この日も普段だったら開店同時に次々に訪れるはずのお客さんも、僕以外では地元の常連さんおひとりだけでした。
洪水被害修復などのボランティアはできませんが、ほんのわずかでもお金を落として役に立てたらと思います。
このブログをご覧の方で行動範囲内にお住みの方ならば、ぜひ香住に足を運んで美しい風景と美味しい海の幸を楽しんでください。
矢田川の河口に面した香住浜は打ち上げられた木クズが目立ちますが、ニュースで見たそれよりも遥かに少なく安心しました。
しかし西側にある小さな入江には、ニュース画像そのものの海面を埋め尽くす流木が。
地形と潮流の関係でこうなってしまうのでしょうが、エンジンに吸い込んでしまうために漁に出られない漁船も多いそうで、早急な現状回復が求められています。
海水浴客には人気の三田浜もやはりこの程度でしたが、いつもは賑わっているはずのビーチも数組のお客さんがいる程度でした。
三田浜から鎧(よろい)に抜けるショート林道。
ここを通るとよくカメラを持った方と出会うのですが、一体何を撮られているのでしょう?
風景?それとも鳥か蝶でも??謎です。
それにしても、たとえショートでも海の見える林道は良いですよね🎵
僕の定点撮影ポイント「鎧漁港」。
まるで絵葉書か映画に出てくるようなこの風景(実際に極道の妻たちなどのロケ地としても有名)が大好きです!
釣り人視線で見ると透明度が高過ぎるうえに藻場や岩場が少ないので、あまり魚はいないだろうなと思うのですが、シーカヤックにでも乗って一度楽しんでみたいなあ。
さて今日の探索ネタリサーチとして、もっとも期待を膨らましていた船越峠の途中にある作業道です。
ここは昨年も来ましたが、その時は延伸工事中だったので途中で引き返しました。
しかし先日とあるハイカーさんの記録を見ていると、近くにある久斗山に向かう途中の稜線に新しい林道ができていたとあったのです。
久斗山周辺は以前から精査を重ねていたのですが、その手がかりはなく諦めかけていましたが、もしそれが本当ならばこの作業道が伸びているとしか考えられないと思ったのです。

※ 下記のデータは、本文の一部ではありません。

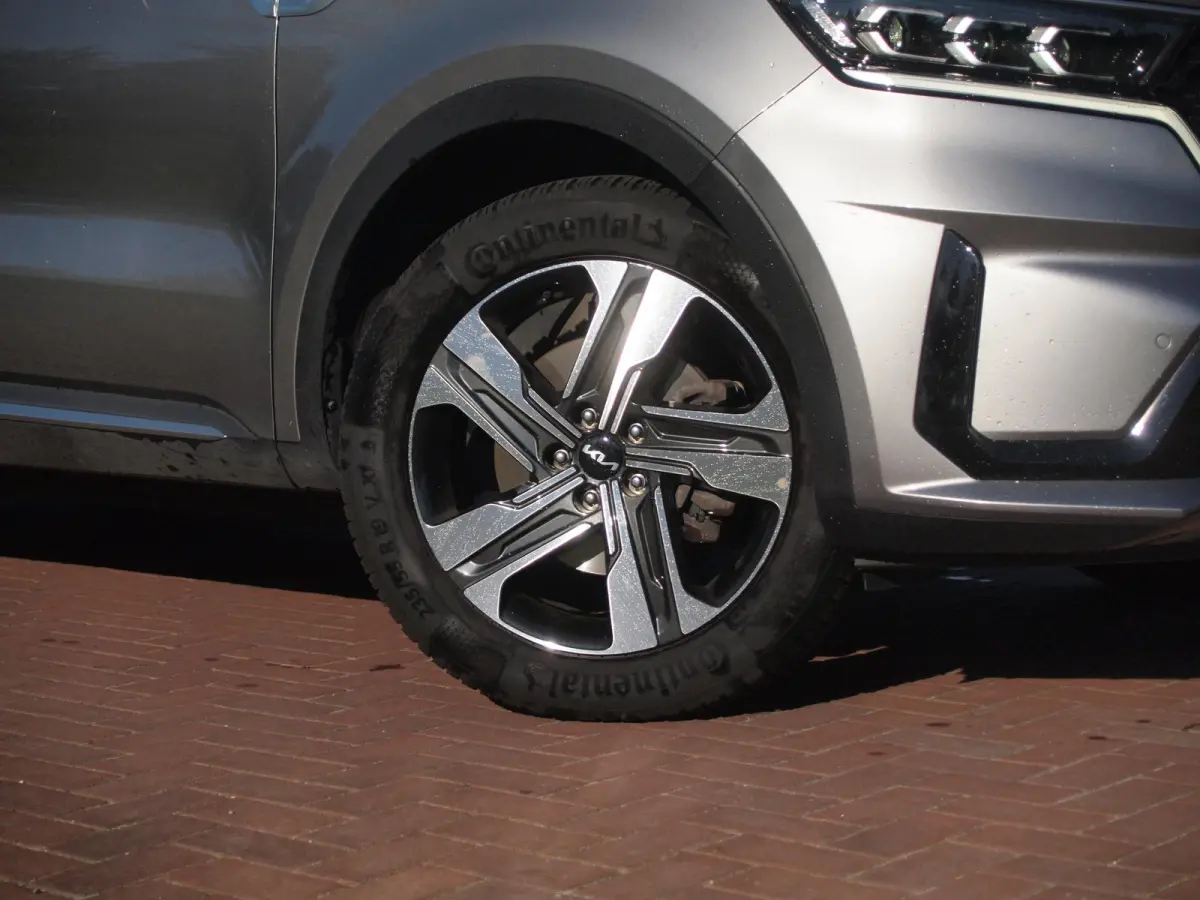 1.6 T-GDI Plug-in Hybrid 4WD DynamicLine 7p. | Camera | Trekhaak | Apple Carplay | ACC | NL-Auto |
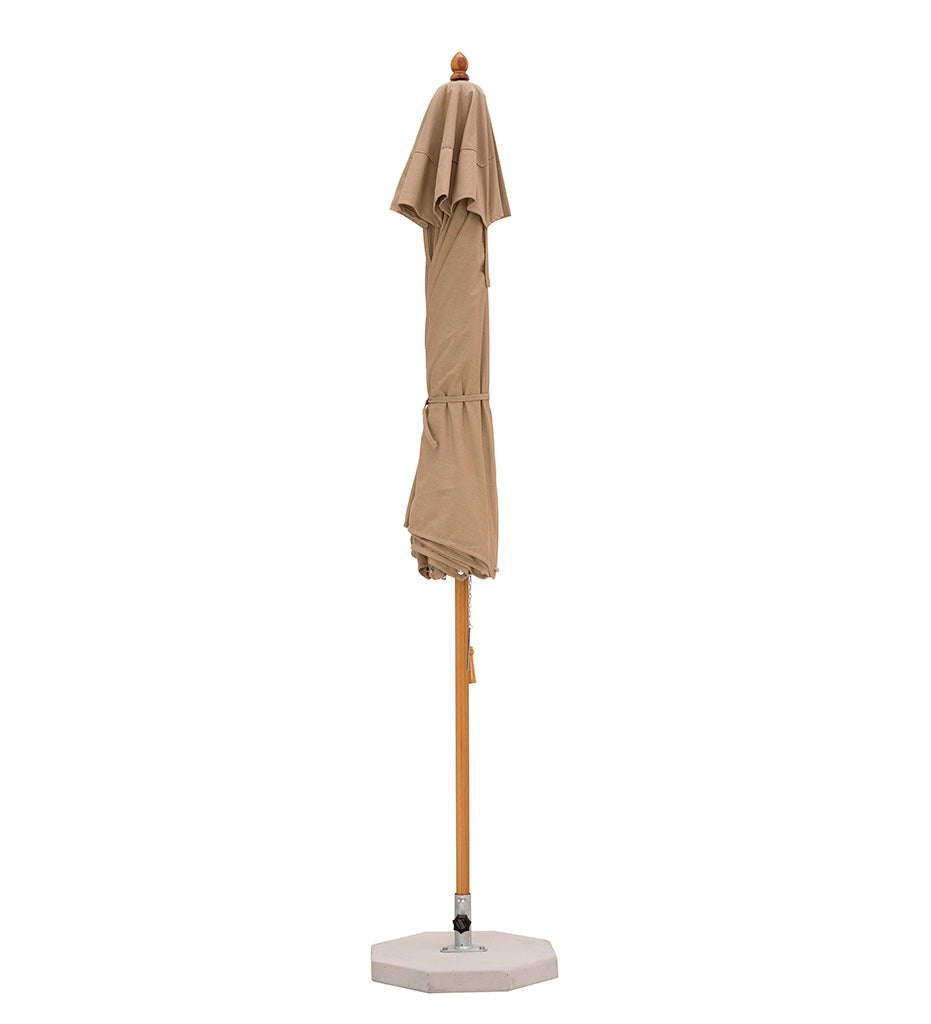 Woodline 7&#39; x 10&#39; Safari Rectangular Center Post Umbrella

さらにまた別のハイカーさんの発信から、この近くに鳥取へと繋がる旧街道が山中にあるとも!
これは多少苦労しても攻めるしかありません。
で、普段ソロではあまりやらないこともやり・・
峠を登って行くと右手には日本海が広がっています。
ただ前回ほど空気が乾いていないどころか、湿気がものすごくて水平線がぼやけています。
この道の序盤2/3くらいはかなり古そうなのですが、その先1/3はまだ新しく造られた区間になっていきます。

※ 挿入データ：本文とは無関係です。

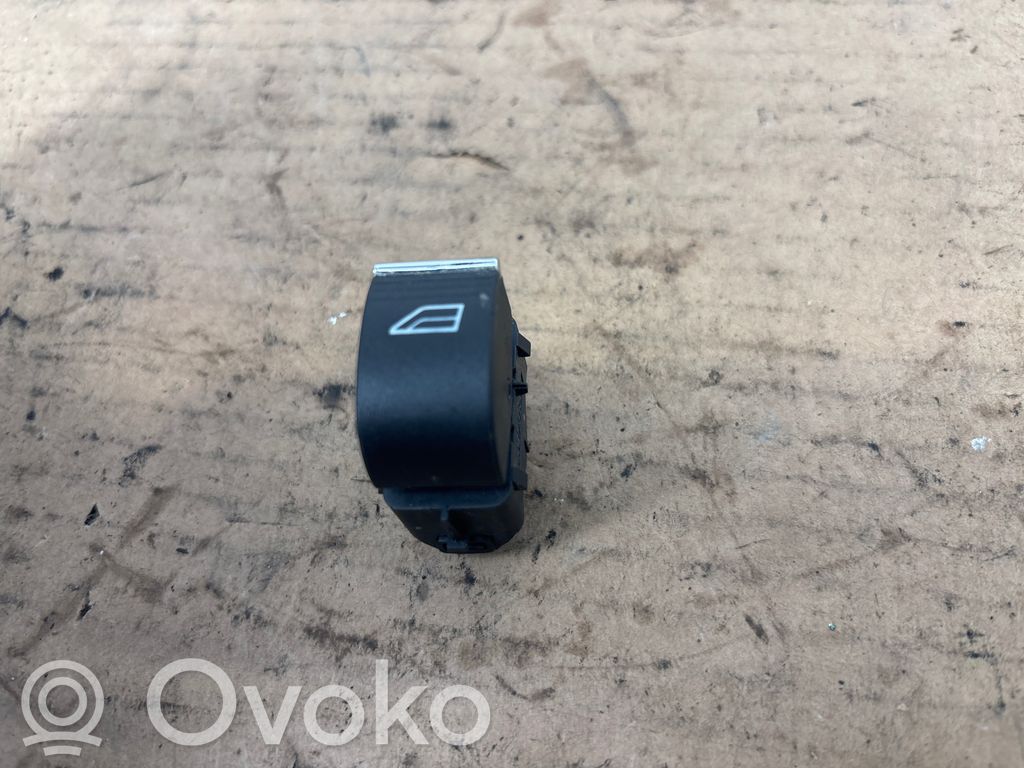 Electric window control switch   10208054,K8080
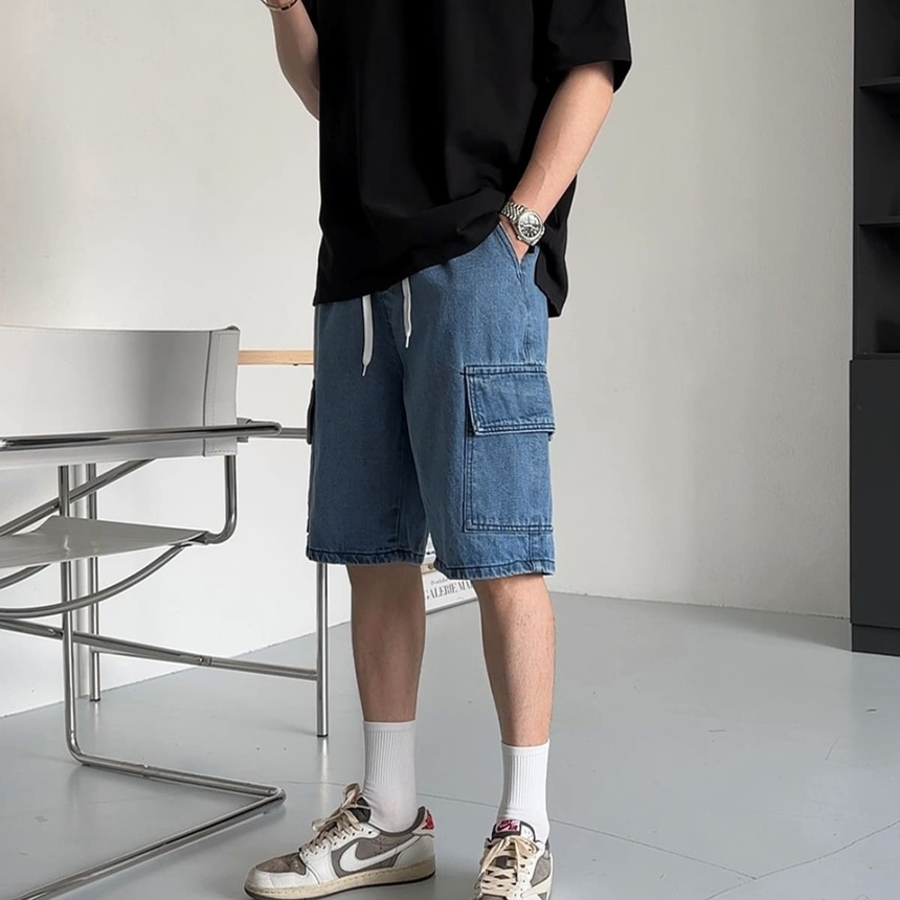 Ocean One-Tuck Cargo Denim Shorts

道を横切るような沢がほとんど無いので、台風の被害はこの程度。
前回工事中だったのはこのポイントでした。
それがずっと遥かその先まで伸びているではありませんか!
しかーし、法面も路肩も補強していない区間になると問題発生!
バイクを置いて歩いて先を確かめると、まだまだ続いているようでした。
もしかすると見える範囲のすぐ先でジ・エンドとなるのは林道あるあるです。
最後まで確かめてみたかったのですが、この日の蒸し暑さは尋常でなく少し頭がクラクラしそうになり、こりゃヤバイぞと思って引き返しました。
以前庭いじりをしている時に2度ほどヤバかったことがありますが、アレは気がついた時には膝が折れてストンと尻もちをつくくらい突然やってきます。

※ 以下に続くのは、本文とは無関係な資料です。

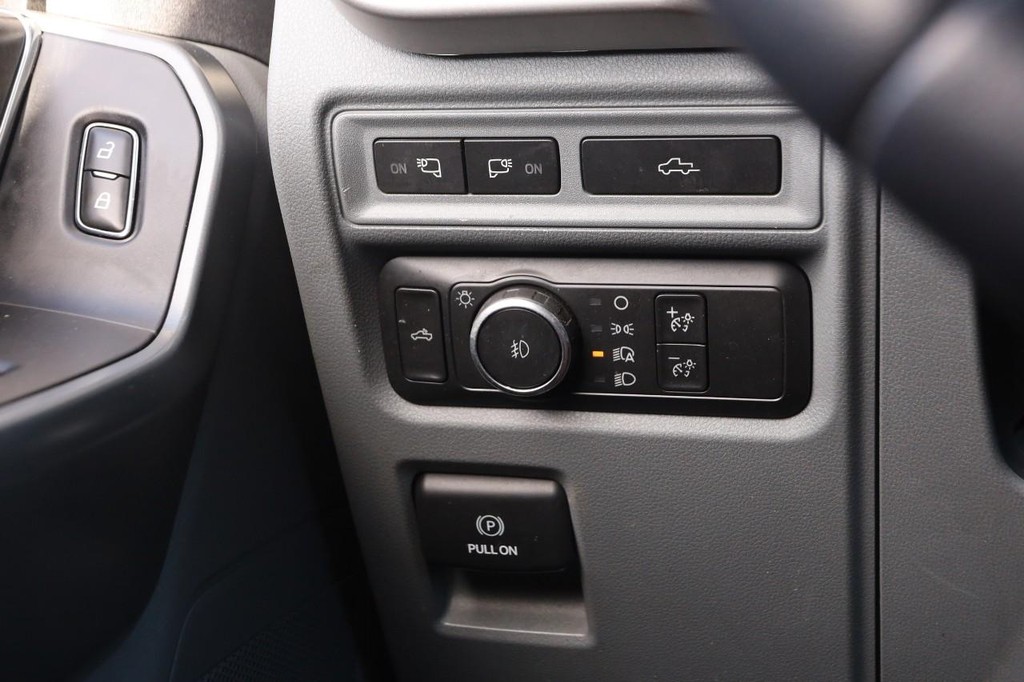 Ford F-150 Vehicle Full-screen Gallery Image 18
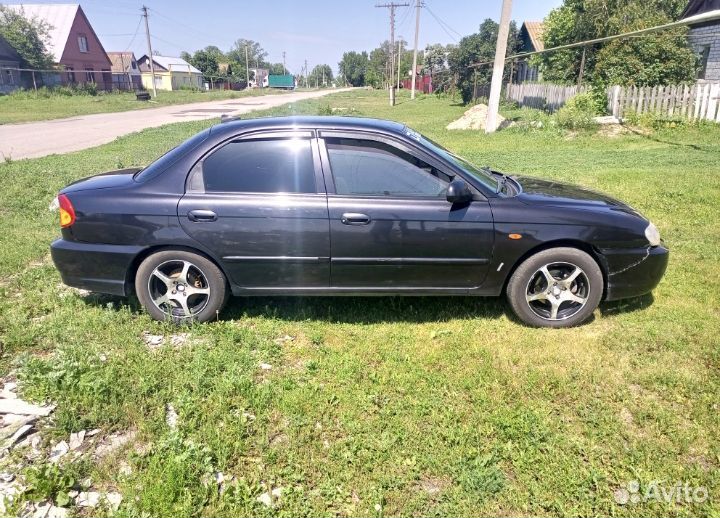 Kia Spectra 1.6 МТ, 2008, битый, 450 000 км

特にこんな日のように蒸し暑いと、汗が乾く気化熱で冷やされることもないので非常に危険です。
再び船越峠に戻り香住港を眺めます。
BIGが当たったら、この風景が見える場所に別荘を建てようっと♪
さてあらためて台風被害の状況ですが、梨畑の様子も大丈夫だったようです。
ニュースでも報道された矢田川温泉付近の水田もご覧の通り何事もなく稲穂が実り垂れ始めています!
この写真にあるように左が矢田川、右の集落で床上浸水があったのですが、どうしてその間の水田が被害をほとんど受けなかったのかこれも謎です。
でもとにかく農家の方達の努力が失われず、本当に良かった。
普段ならば夏はこの通り、大きな中洲ができるくらいの水量が、先日は一気にそれを覆い隠して溢れていたなんて信じられないほどの静けさを取り戻しています。
それでも大野集落近くで河原を走ってみると、大きな木にはたくさんの流木が引っかかり、その荒れ具合を物語っています。
さてここからは県道4号線西側の林道の様子です。
池ヶ平林道は全く以前と変わりない平和な様子。
中間付近にあるかもしれない安泰寺に繋がる道を探して支線に入りましたが、それらしきルートは見当たらず。
唯一→のところに赤テープがあり、その手掛かりかと思いましたが、さてここからどうやって?
さらに鳥取に繋がる旧街道とは何処に?
これはもう安泰寺のご住職に伺うしかないかなあ・・
池ヶ平林道本線に戻ると鹿の頭蓋骨が道の真ん中に鎮座していたので、轢かれないように路肩に動かしておきました。
それにしてもこの付近はこれまでに何度も鹿の死体が見受けられるのです。
この日も頭蓋骨のそばには、まだ新しい鹿の毛皮の一部らしきものが落ちていました。
カラスや他の猛禽類の仕業か、それともこの付近には熊が多いのか、それも謎のひとつです。
本線を過ぎて安泰寺側も探ってみましたがやはり手掛かりは無し。
安泰寺は檀家を持たない自給自足の禅寺で、修行されている一般の方(海外からも多い)が畑仕事をされていましたがご住職の姿は無く、わざわざお呼び立てするのも申し訳ないのでそのまま立ち去りました。
久斗山集落を過ぎ本谷林道に入るとすぐにこの倒木ありでしたが、これはこのまま通過可能。
グリーンカーペットは暑さが続いたせいなのか色褪せていますが、路面自体は荒れていません。
宮神山田林道で遭遇したような泥濘ゾーンも3ヶ所ほどありましたが、これも路肩側から通ることができました。
この程度ならば、春先の雪解け後の方がよほど酷いくらいです。
今回は元々廃道だった三川東などは危険と判断して走っていません。
これをお読みになった方の中には、そんな台風後の危険な状態でソロ林道などとんでもないとお思いになるかもしれませんが、確かにそれはある意味その通りです。
ただ僕はこの地域の林道には熟知しており、もしもの場合林道ならば10km歩いてでも帰れる最低限の体力と判断力は持ち合わせているつもりです。
もちろん過信は禁物ですが、どんなスポーツでもリスクはありますから、大切なのはリスクマネージメントではないでしょうか。
とにもかくにも、心配していたほどの大きな被害は今のところは無くひと安心しました。
あの泥地獄ももう少し乾けばきっと容易に通過できるでしょう。
今年はもうこれ以上台風が来ないと良いのですが、なんたってまだ8月中旬ですから台風シーズンあと2ヶ月あまり、穏やかな日々になることを祈ります。